__RECORDED DATA__
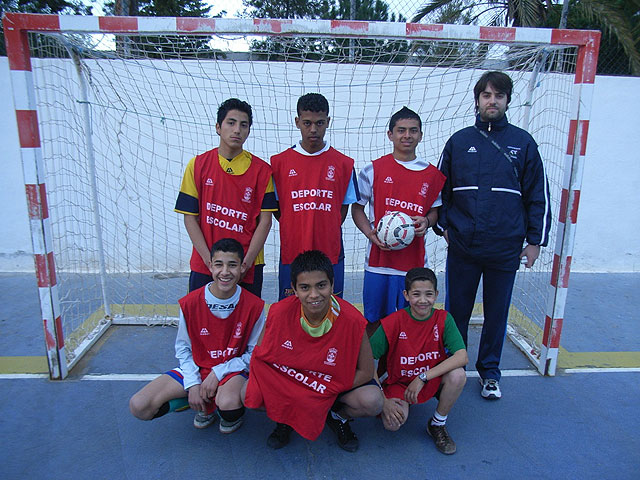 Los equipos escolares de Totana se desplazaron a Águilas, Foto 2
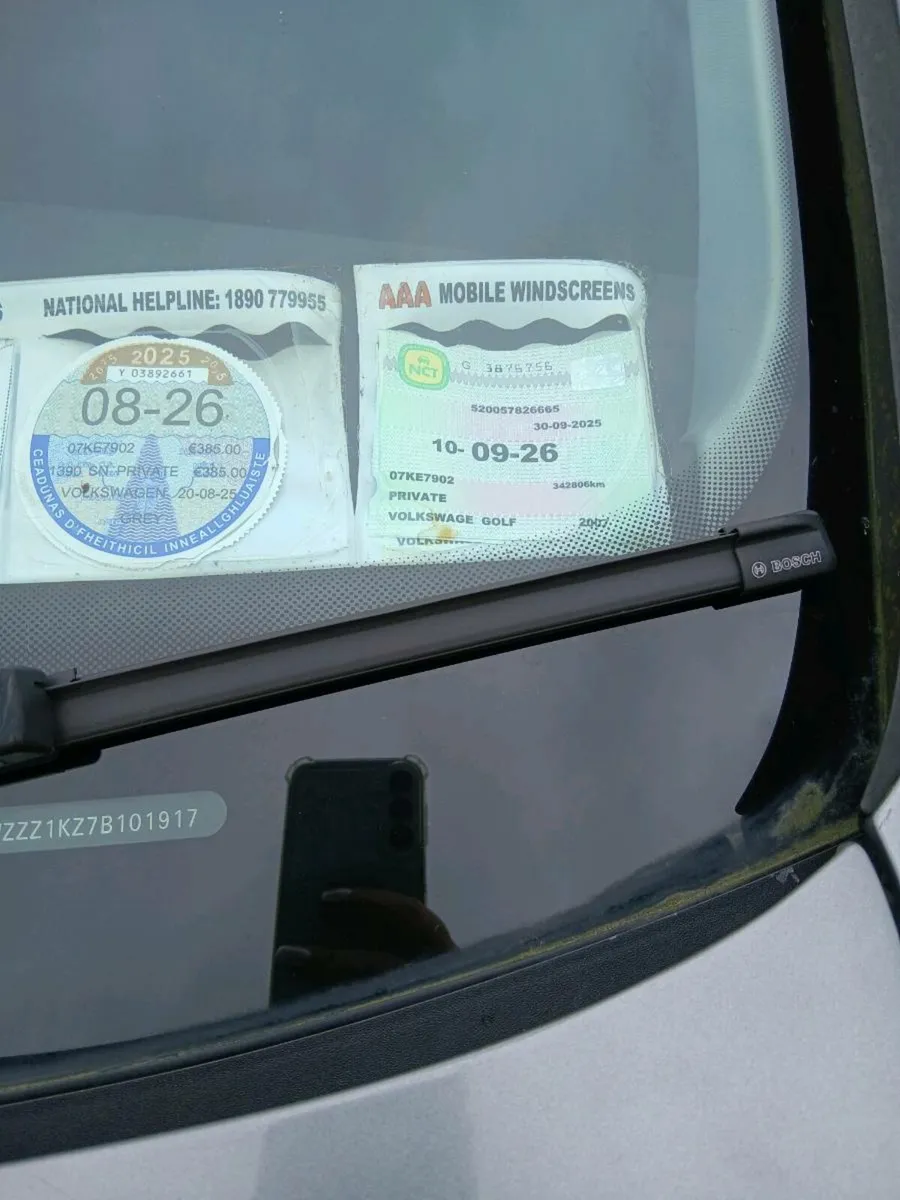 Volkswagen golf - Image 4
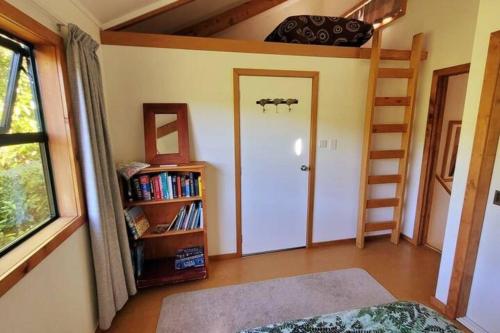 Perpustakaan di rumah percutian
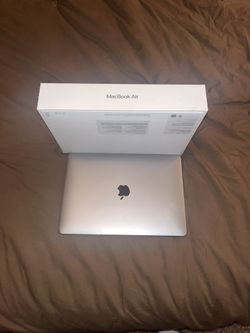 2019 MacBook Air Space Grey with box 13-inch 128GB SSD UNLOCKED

__WHAT TO WORK ON__
Output the listing exactly. Leave out any image.

__OUTPUT OF THE TASK__
 Los equipos escolares de Totana se desplazaron a Águilas, Foto 2
 Volkswagen golf - Image 4
 Perpustakaan di rumah percutian
 2019 MacBook Air Space Grey with box 13-inch 128GB SSD UNLOCKED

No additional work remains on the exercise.